Hypermedia Databases

A Web site stores such information in a hypermedia database consisting of hyperlinked pages of multimedia (text, graphic and photographic images, video clips, audio segments, and so on). That is, from a database management point of view, the set of interconnected multimedia pages on a Web site is a database of interrelated hypermedia page elements, rather than interrelated data records.

Data Planning

A corporate planning and analysis function that focuses on data resource management. It includes the responsibility for developing an overall information policy and data architecture for the firm's data resources.

Entity Relationship Diagram (ERD)

A data planning and systems development diagramming tool that models the relationships among the entities in a business process.

External Databases

Access to a wealth of information from external databases is available for a fee from commercial online services and with or without charge from many sources on the World Wide Web. Web sites provide an endless variety of hyperlinked pages of multimedia documents in hypermedia databases for you to access. Data are available in the form of statistics on economic and demographic activity from statistical databanks, or you can view or download abstracts or complete copies of hundreds of newspapers, magazines, newsletters, research papers, and other published material and periodicals from bibliographic and full-text databases. Whenever you use a search engine like Google or Yahoo to look up something on the Internet, you are using an external database—a very, very large one!

Database management approach

An approach to the storage and processing of data in which independent files are consolidated into a common pool, or database, of records available to different application programs and end users for processing and data retrieval

Data integration

Having data in independent files made it difficult to provide end users with information for ad hoc requests that required accessing data stored in several different files. Special computer programs had to be written to retrieve data from each independent file. This retrieval was so difficult, time-consuming, and costly for some organizations that it was impossible to provide end users or management with such information. End users had to extract the required information manually from the various reports produced by each separate application and then prepare customized reports for management.

Data integrity

In file processing systems, it was easy for data elements such as stock numbers and customer addresses to be defined differently by different end users and applications. This divergence caused serious inconsistency problems in the development of programs to access such data. In addition, the integrity (i.e., the accuracy and completeness) of the data was suspect because there was no control over their use and maintenance by authorized end users. Thus, a lack of standards caused major problems in application program development and maintenance, as well as in the security and integrity of the data files needed by the organization.

Types of databases

Operational, data warehouse, distributed, external, hypermedia

File Processing

Organizing data into specialized files of data records designed for processing only by specific application programs.

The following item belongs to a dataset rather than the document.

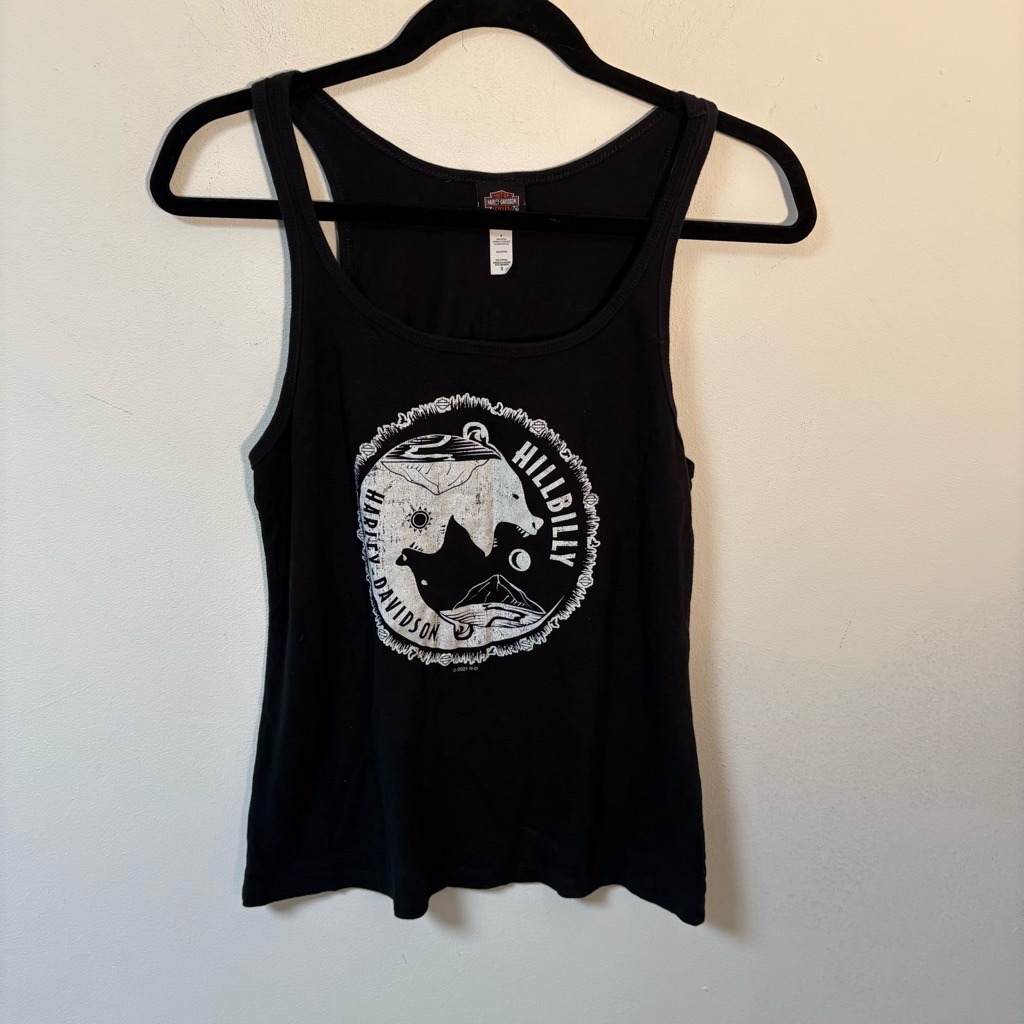 Hillbilly Harley Davidson Black Graphic Tank Top Small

Contrast with Database Management Approach.

Operational Databases

Store detailed data needed to support the business processes and operations of a company. They are also called subject area databases (SADB), transaction databases, and production databases. Examples are a customer database, human resource database, inventory database, and other databases containing data generated by business operations.

Database Maintenance

The activity of keeping a database up to date by adding, changing, or deleting data. The database maintenance process is accomplished by transaction processing systems and other end-user applications, with the support of the DBMS. End users and information specialists can also employ various utilities provided by a DBMS for database maintenance. The databases of an organization need to be updated continually to reflect new business transactions (e.g., sales made, products produced, inventory shipped) and other events. Other miscellaneous changes also must be made to update and correct data (e.g., customer or employee name and address changes) to ensure the accuracy of the data in the databases.

Distributed Databases

The concept of distributing databases or portions of a database at remote sites where the data are most frequently referenced. Sharing of data is made possible through a network that interconnects the distributed databases.

Network structure

The network structure can represent more complex logical relationships and is still used by some mainframe DBMS packages. It allows many-to-many relationships among records; that is, the network model can access a data element by following one of several paths because any data element or record can be related to any number of other data elements. It should be noted that neither the hierarchical nor the network data structures are commonly found in the modern organization.

Field

The next higher level of data is the field, or data item. A field consists of a grouping of related characters. For example, the grouping of alphabetic characters in a person's name may form a name field (or typically, last name, first name, and middle initial fields), and the grouping of numbers in a sales amount forms a sales amount field.

Duplication

Updating a distributed database ....The duplication process, in contrast to replication, is much less complicated. It basically identifies one database as a master and then duplicates that database at a prescribed time after hours so that each distributed location has the same data. One drawback to the duplication process is that no changes can ever be made to any database other than the master to avoid having local changes overwritten during the duplication process. Nonetheless, properly used, duplication and replication can keep all distributed locations current with the latest data.

Replication

Updating a distributed database using replication involves using a specialized software application that looks at each distributed database and then finds the changes made to it. Once these changes have been identified, the replication process makes all of the distributed databases look the same by making the appropriate changes to each one. The replication process is very complex and, depending on the number and size of the distributed databases, can consume a lot of time and computer resources.

Data Mining

Using special purpose software to analyze data from a data warehouse to find hidden patterns and trends.

Record

a record represents a collection of attributes that describe a single instance of an entity. An example is a person's payroll record, which consists of data fields describing attributes such as the person's name, Social Security number, and rate of pay. Fixed-length records contain a fixed number of fixed-length data fields. Variable-length records contain a variable number of fields and field lengths. Another way of looking at a record is that it represents a single instance of an entity. Each record in an employee file describes one specific employee.

Multidimensional model

a variation of the relational model that uses multidimensional structures to organize data and express the relationships between data. You can visualize multidimensional structures as cubes of data and cubes within cubes of data.

Primary Key

the first field in a record is used to store some type of unique identifier for the record. This unique identifier is called the primary key

Attribute

(a characteristic or quality) of some entity For example, an employee's salary is an attribute that is a typical data field used to describe an entity who is an employee of a business.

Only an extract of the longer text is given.